Между вечностью и мною
Встанет образ Твой.
«Знаю только одно, что безумно люблю» <Вл. Соловьев>. Это и есть моя вечность, моя углубленная стихия, последняя цель, с которой издавна связывалось все происшедшее в моей жизни. Сегодня у меня нет слов, я предпочел бы петь. Написал хорошие стихи, но теперь не пошлю их Тебе. Они совсем другого типа – из Достоевского, и такие христианские, какие я только мог написать под Твоим влиянием. Часто я хочу теперь всех простить. То, что в прошлом году воспринималось с болью и ожесточением, теперь чище и светлее. Из сердца поднимаются такие упругие и сильные стебли, что часто кажется, будто я стою на пороге всерадостного познания – и хочу говорить: «Приидите ко мне вси труждающиеся и обремененнии – и Аз упокою вы. Ибо бремя Мое легко» <из Евангелия от Матфея, XI, 28, 30>. Жизнь светлая, легкая, прекрасная. К счастью, мы переходим из эпохи чеховских отчаяний в другую, более положительную: «мы отдохнем». И это правда, потому что есть от чего отдыхать: перешли же весь сумрак, близимся к утру. Чего только не было – и романтизм, и скептицизм, и декаденты, и «две бездны». Я ведь не декадент, это напрасно думают. Я позже декадентов.
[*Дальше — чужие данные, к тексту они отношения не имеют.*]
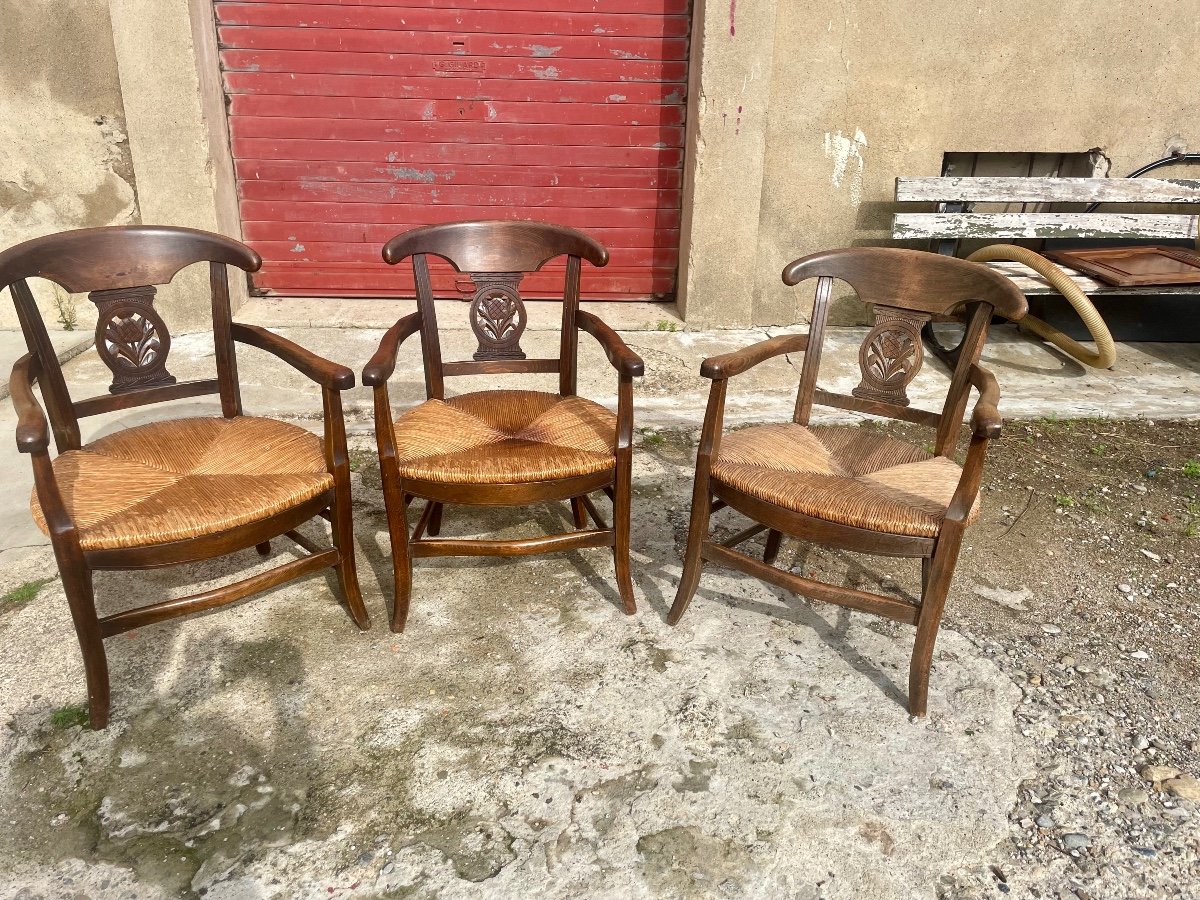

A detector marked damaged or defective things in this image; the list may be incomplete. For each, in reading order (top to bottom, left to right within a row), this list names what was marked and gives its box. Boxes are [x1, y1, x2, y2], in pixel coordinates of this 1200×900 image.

peeling paint [820, 128, 868, 206]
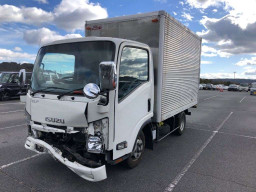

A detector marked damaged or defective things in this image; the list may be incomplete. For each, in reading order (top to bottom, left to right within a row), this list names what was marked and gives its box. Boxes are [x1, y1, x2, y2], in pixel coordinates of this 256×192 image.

damaged front bumper [24, 136, 106, 182]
Но, чтобы мне выйти из декадентства современного мне, затягивавшего меня бесформенностью и беспринципностью, нужно было волею Божиею встретить то пленительное, сладостное и великое, что заключено в Тебе. И открылось дремавшее сердце. В Тебе – все спасение от отчаянья, потому что непрестанно можно черпать из живого родника, неиссякающего, неутомимого. Ты нужна мне, как религия. Чувствую, что все, что будет еще когда-нибудь нужно, я найду в Тебе. «Сияй же, указывай путь, веди к недоступному счастью того, кто надежды не знал». Прости, что все цитирую чужих. Но мне надо песен, когда около нет Тебя, воплощенной песни моего духа.
Т в о й
<26 декабря 1902. Петербург)
<…> Сегодня утром я получил Твое письмо о том, как Ты ждала меня, и о «ветре, задувающем свечи». Если бы этот ветер был до сих пор властен надо мной внутренно, как был некогда, это было бы ужасно. Но я чувствую только его последнее озлобление, невозможность повредить в корне. Уже он бессилен, потому что наступило Твое царство. Болезнь временна и пройдет. Это только мелкая досада. А мои «белые думы» далеки от этого смрадного ветра, глубоко гнездятся «у заветных тропинок души». Прости, что я так бессвязен сегодня и вообще не всегда пишу ровно. За окном – весенние струи, тающие снега, Твое дуновение, «песни весенней язык». Мне иногда мучительно хочется встретить Тебя и вместе с Тобой оградиться от всех людей разноцветным щитом любви. Может быть, от некоторых и не надо ограждаться, но теперь я чувствую, что от всех, потому что даже понимающие поймут что-то свое, другое, а не наше; все чужие. Это то, что Ты пишешь мне, это наша одинаковая песня, наше ближайшее. Лучшее в жизни должно быть хранимо. И если это лучшее не перенято от других, то нет причины вверять его и делить с другими, которые не принимали участия в устроении наших тайнодействий, алтарей и священных обрядов; и даже я, больше, чем Ты, связанный с житейским, неодолимо свободен и осенен Твоей девственной Ризой. Вот вчерашнее стихотворение, не то, о кот<ором> я писал, а еще другое и больше идущее к дню Рождества Христова.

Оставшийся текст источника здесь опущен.